> Given data

┏━━

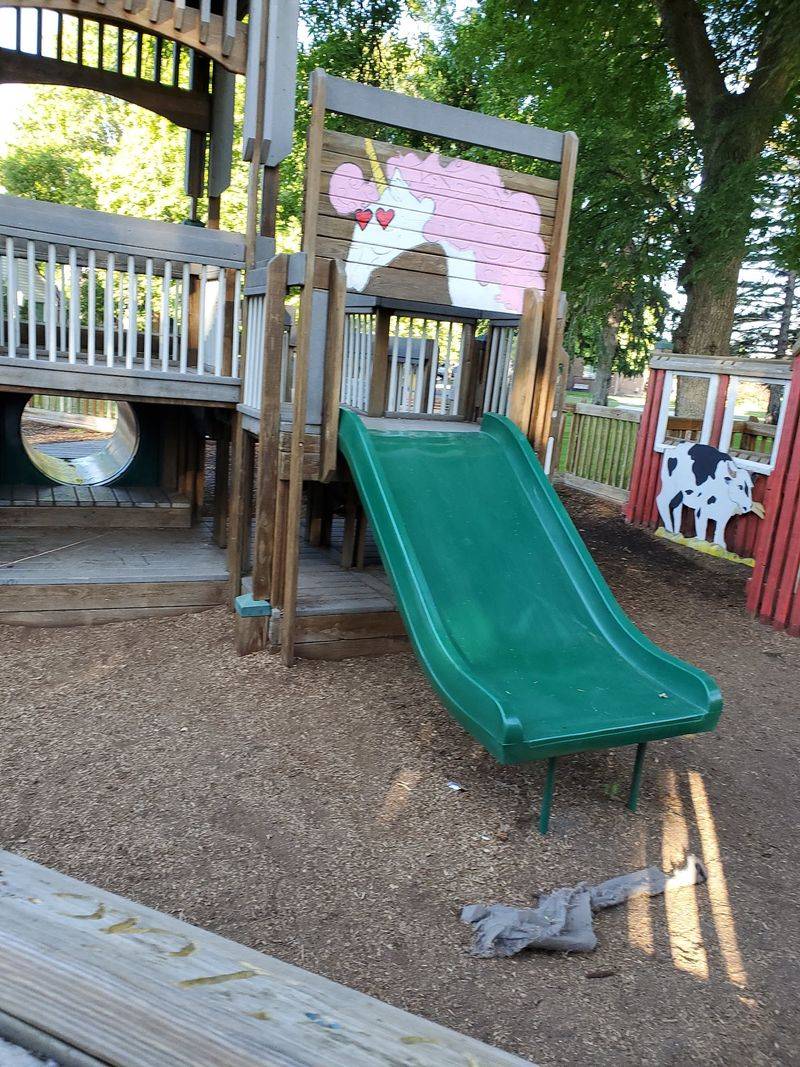 A Beloved Spot Showing Its Years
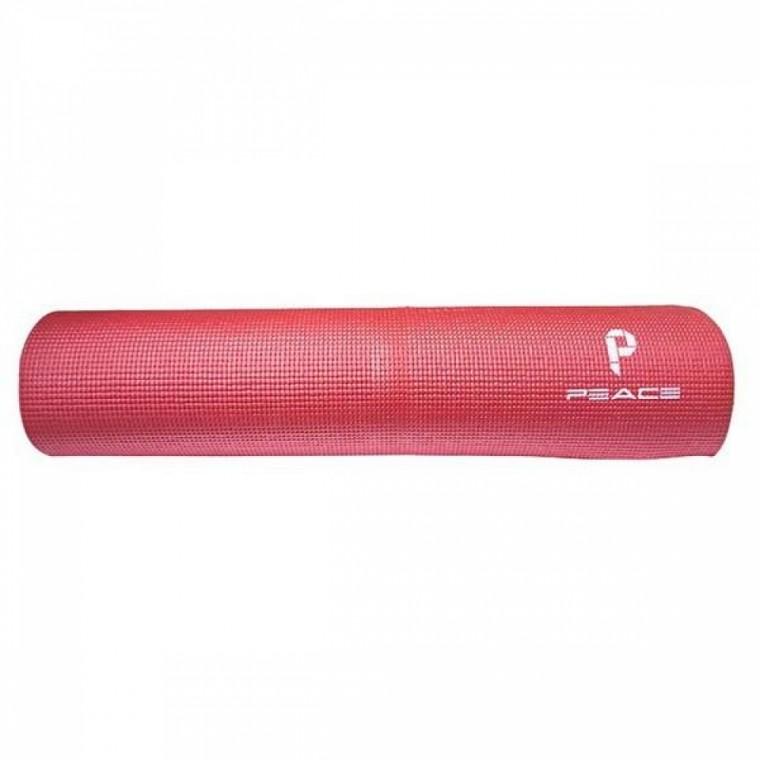 요가매트 PVC 6mm 레드 PYG320-04 피스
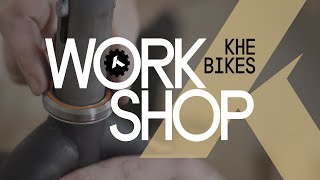 KHEbikes WorkShop - BMX replace integrated headset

┗━━

Print the listing exactly. No pictures belong in the copy.

 A Beloved Spot Showing Its Years
 요가매트 PVC 6mm 레드 PYG320-04 피스
 KHEbikes WorkShop - BMX replace integrated headset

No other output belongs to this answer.